**Problem statement**
Without the pictures, write the listing out again exactly as it appears.

####

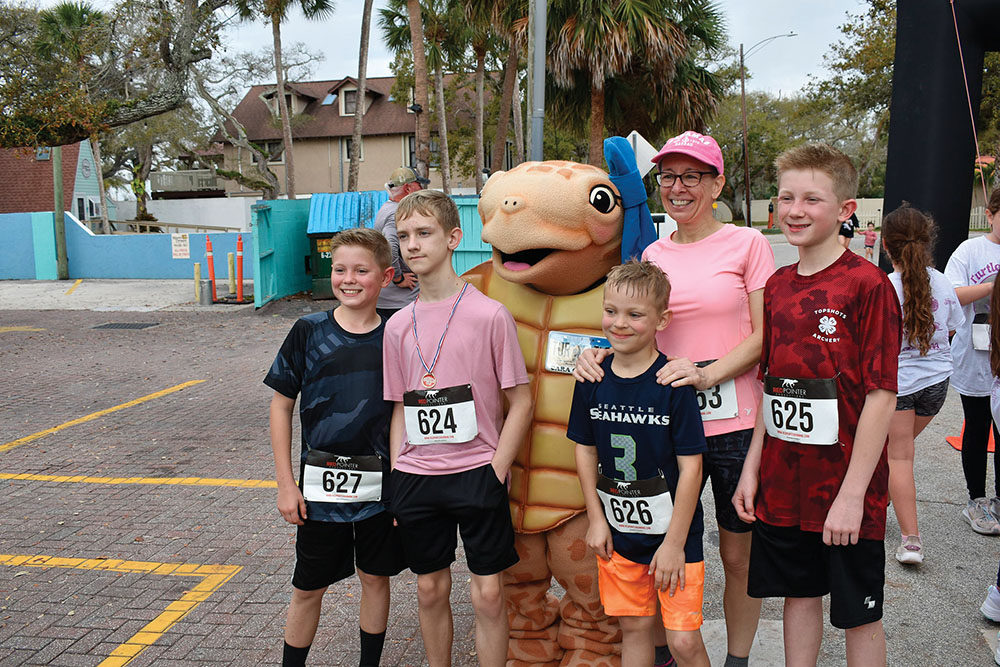 Boys participate in a fun run to support Volusia Turtle Patrol.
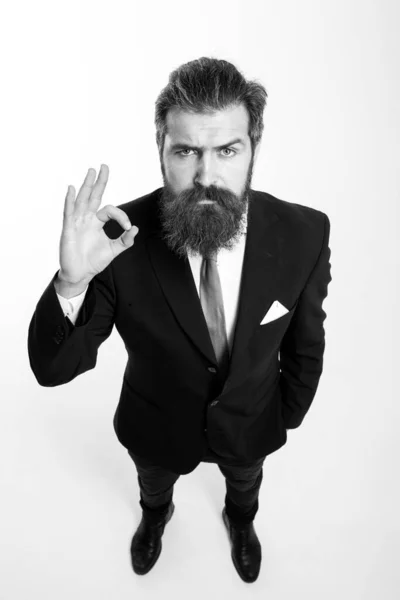 Businessman in suit. Business man in black suit smiling and showing ok sign studio isolated on white background. Wide angle, top view. — Stock Photo, Image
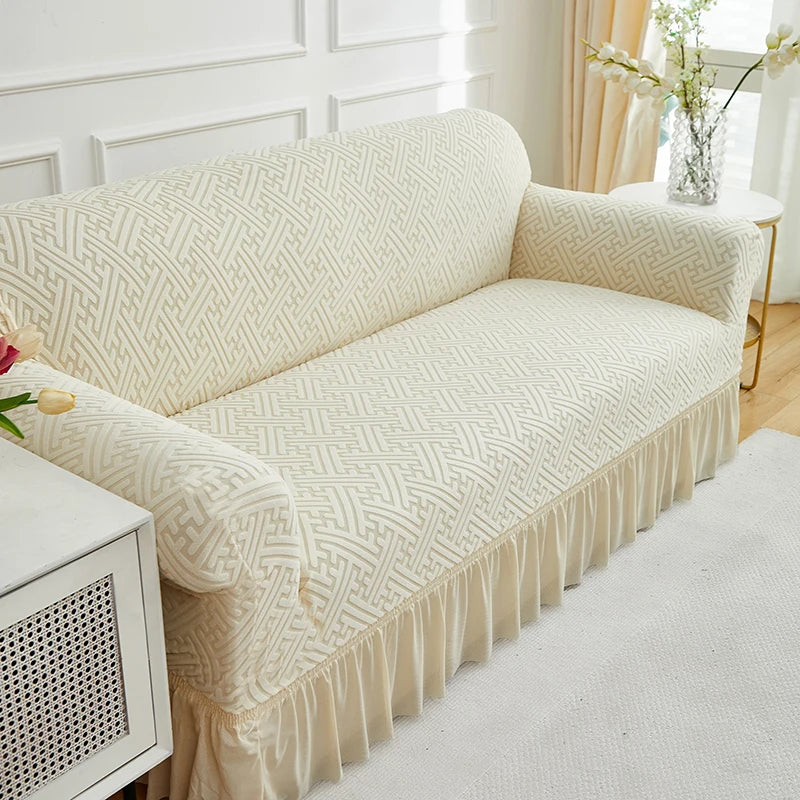 A beige jacquard stretch sofa cover featuring a geometric pattern and a ruffled hem.
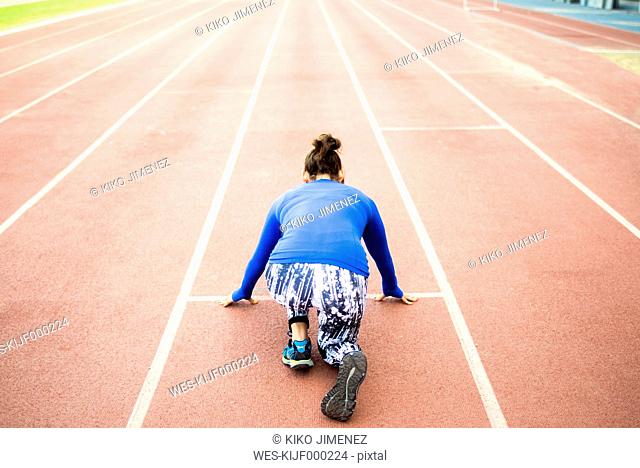 Female athlete training for race in stadium
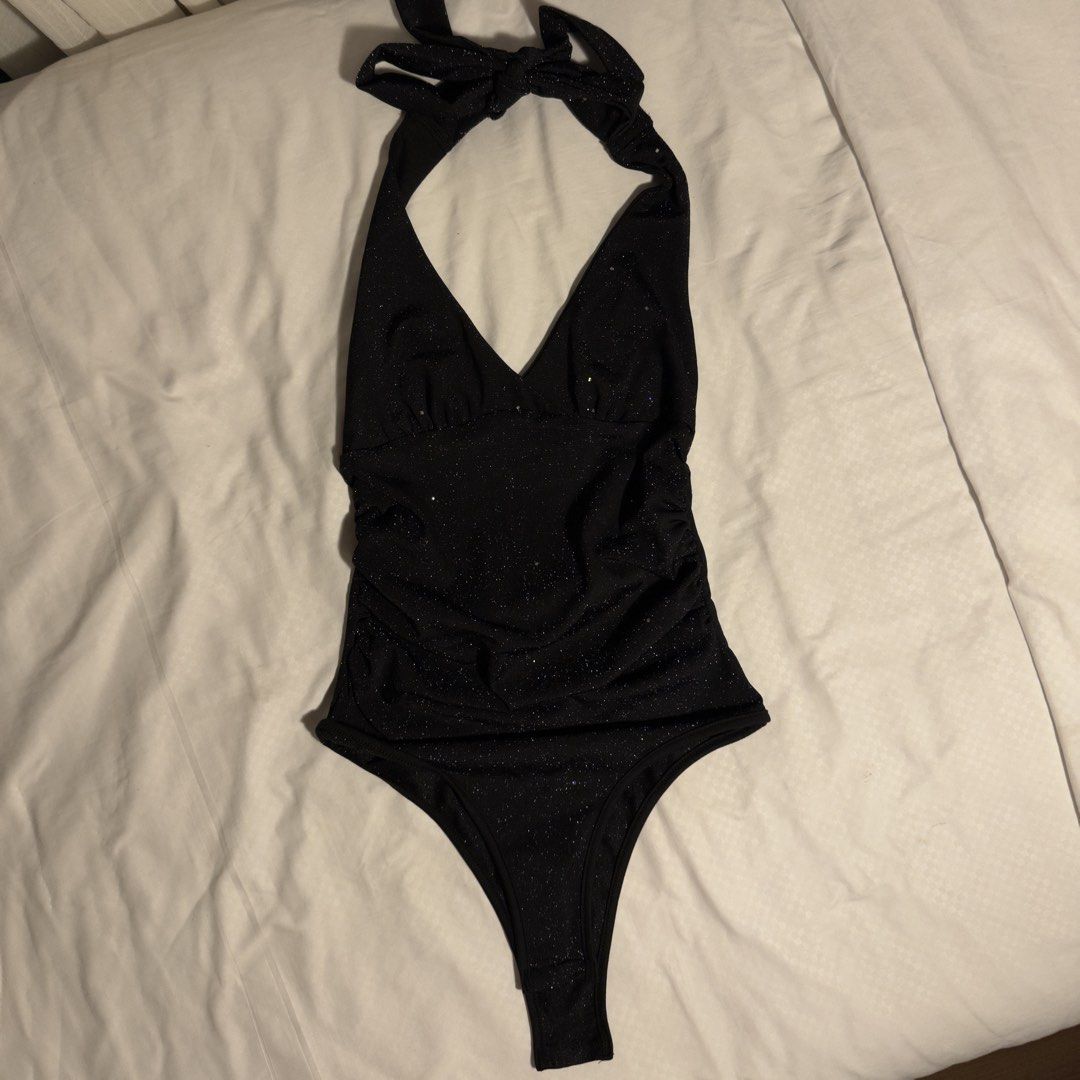Black Glitter Halter Bodysuit (Category: Sleeveless) located in Manila. Submitted by shopmakii (Listing ID 1470892498, Image 2). Description: - Brand: Shein - Size: Extra Small (XS) - Condition: Worn a few times, solid condition - Great for night outs!.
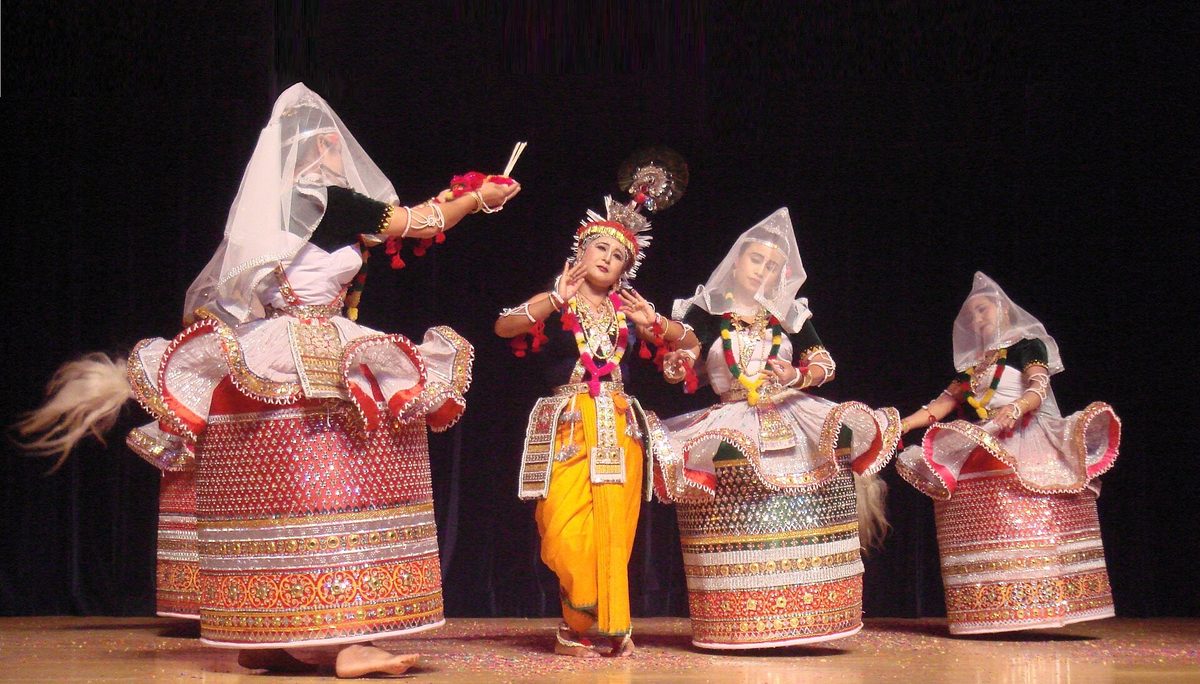 बेलनाकार घाघरे में मणिपुरी रासलीला की नर्तकियाँ, बीच में कृष्ण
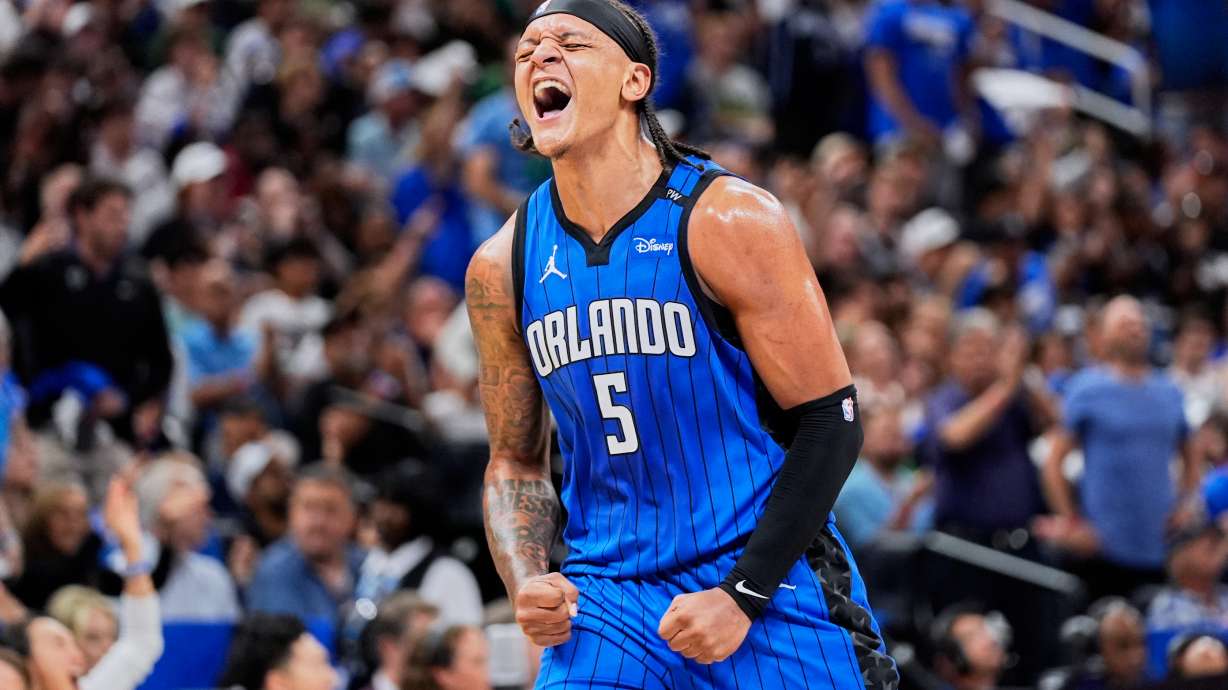 FILE - Orlando Magic forward Paolo Banchero celebrates a 3-point shot against the Boston Celtics during the first half in game 3 of a first-round NBA playoff basketball series, April 25, 2025, in Orlando, Fla.
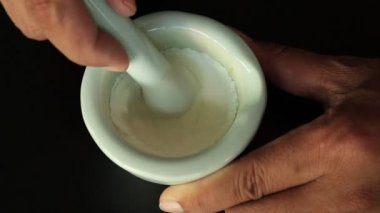 Eczacı elini havana beyaz ilaç tozu karıştırıyor.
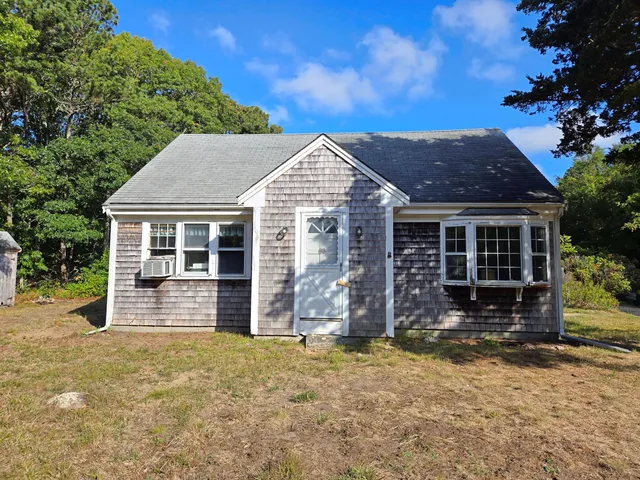 front view of a house with a yard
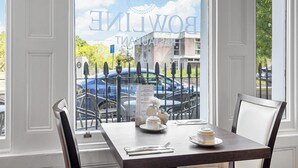 A dining table with a menu, a teapot, and a cup, set against a window with a view of a car and buildings. - Invicta Hotel (Plymouth)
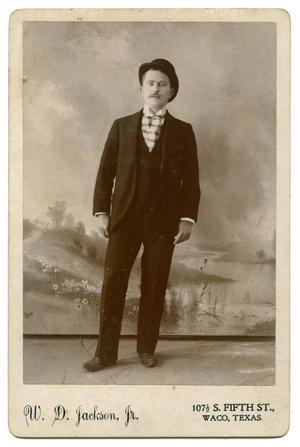 [Portrait of a Man Wearing a Suit and Hat]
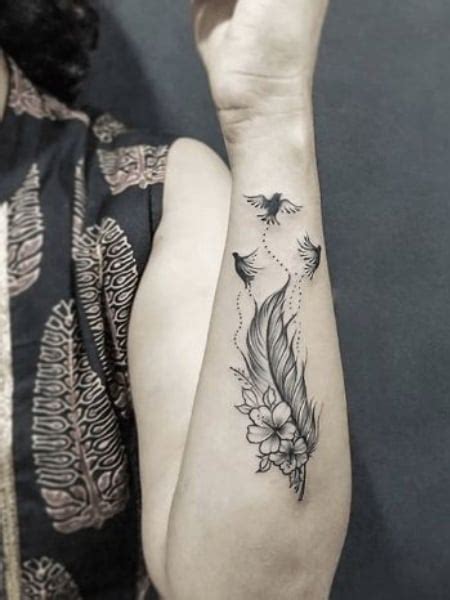 25 Feather Tattoo Designs And Meaning 2023 The Trend Spotter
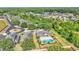 Aerial view of homes with backyard pools and lush landscaping in a tranquil neighborhood at 1036 Stoney Creek Dr, Lakeland, FL 33811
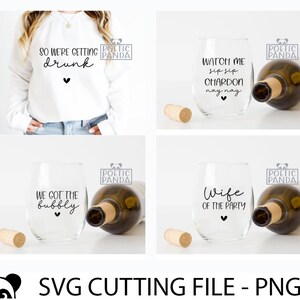 Op de afbeelding: Vier verschillende ontwerpen voor wijnglazen met tekst en een hart. De tekst op de glazen luidt "We got the bubbly", "Wife of the party", "Watch me sip sip chardon nay nay", en "So we're getting drunk". Elk glas staat naast een fles wijn en een kurk.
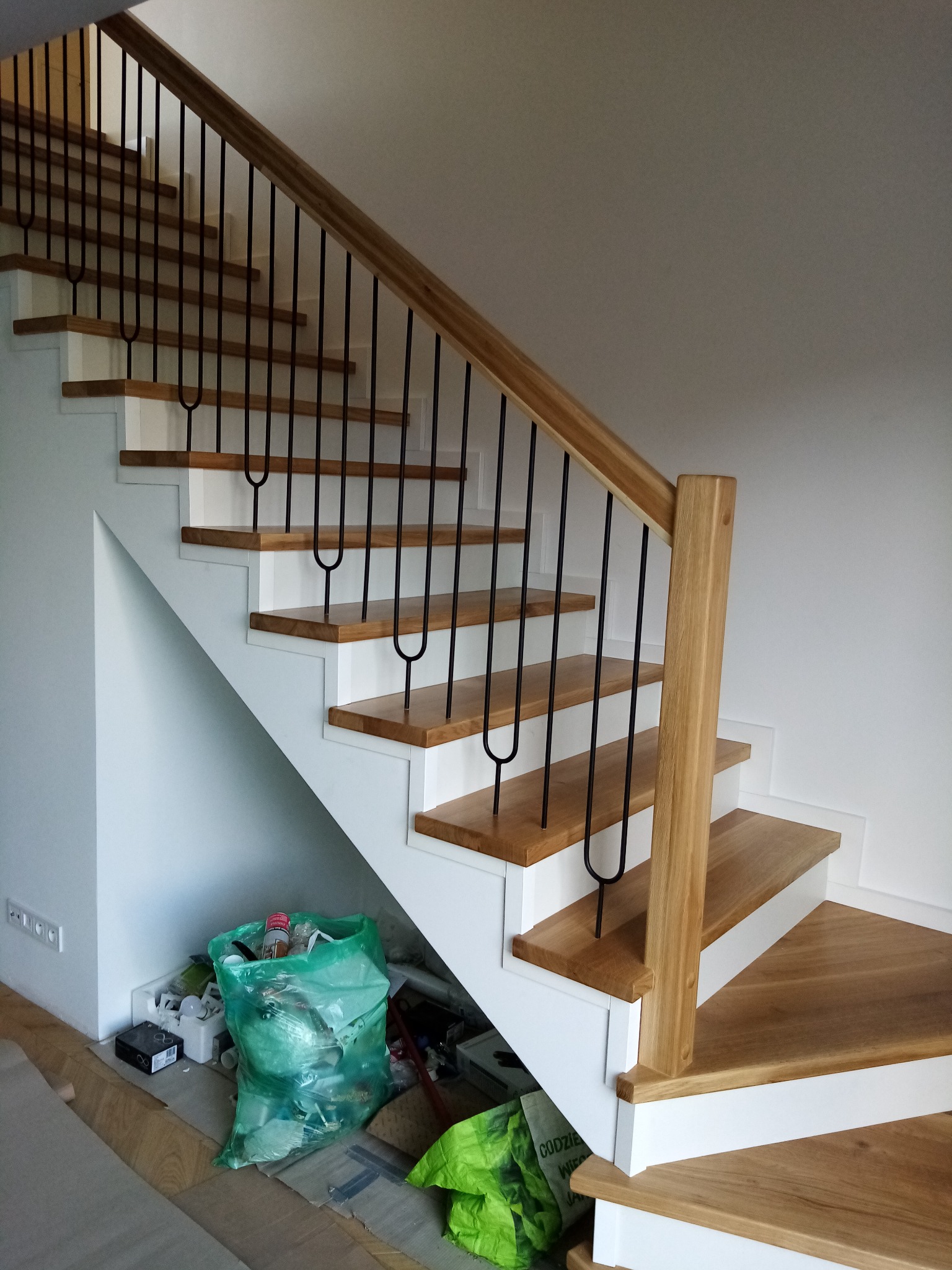 Nowoczesne schody z drewnianymi stopniami i czarnymi, metalowymi balustradami w trakcie montażu, widoczne śmieci budowlane i zabezpieczenia podłogi.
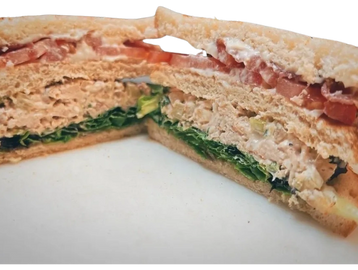 woolworth club sandwich with chicken salad, lettuce, tomato, mayo and bacon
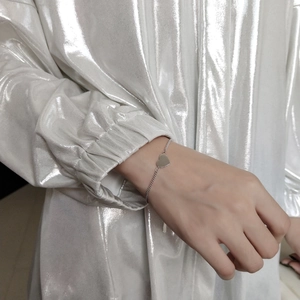 Detailed view of a silver minimalist heart charm bracelet worn on a female wrist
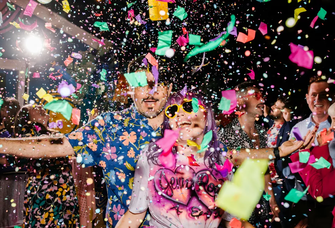 A wedding couple and guests on the dance floor with confetti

####

**Reply**
 Boys participate in a fun run to support Volusia Turtle Patrol.
 Businessman in suit. Business man in black suit smiling and showing ok sign studio isolated on white background. Wide angle, top view. — Stock Photo, Image
 A beige jacquard stretch sofa cover featuring a geometric pattern and a ruffled hem.
 Female athlete training for race in stadium
Black Glitter Halter Bodysuit (Category: Sleeveless) located in Manila. Submitted by shopmakii (Listing ID 1470892498, Image 2). Description: - Brand: Shein - Size: Extra Small (XS) - Condition: Worn a few times, solid condition - Great for night outs!.
 बेलनाकार घाघरे में मणिपुरी रासलीला की नर्तकियाँ, बीच में कृष्ण
 FILE - Orlando Magic forward Paolo Banchero celebrates a 3-point shot against the Boston Celtics during the first half in game 3 of a first-round NBA playoff basketball series, April 25, 2025, in Orlando, Fla.
 Eczacı elini havana beyaz ilaç tozu karıştırıyor.
 front view of a house with a yard
 A dining table with a menu, a teapot, and a cup, set against a window with a view of a car and buildings. - Invicta Hotel (Plymouth)
 [Portrait of a Man Wearing a Suit and Hat]
 25 Feather Tattoo Designs And Meaning 2023 The Trend Spotter
 Aerial view of homes with backyard pools and lush landscaping in a tranquil neighborhood at 1036 Stoney Creek Dr, Lakeland, FL 33811
 Op de afbeelding: Vier verschillende ontwerpen voor wijnglazen met tekst en een hart. De tekst op de glazen luidt "We got the bubbly", "Wife of the party", "Watch me sip sip chardon nay nay", en "So we're getting drunk". Elk glas staat naast een fles wijn en een kurk.
 Nowoczesne schody z drewnianymi stopniami i czarnymi, metalowymi balustradami w trakcie montażu, widoczne śmieci budowlane i zabezpieczenia podłogi.
 woolworth club sandwich with chicken salad, lettuce, tomato, mayo and bacon
 Detailed view of a silver minimalist heart charm bracelet worn on a female wrist
 A wedding couple and guests on the dance floor with confetti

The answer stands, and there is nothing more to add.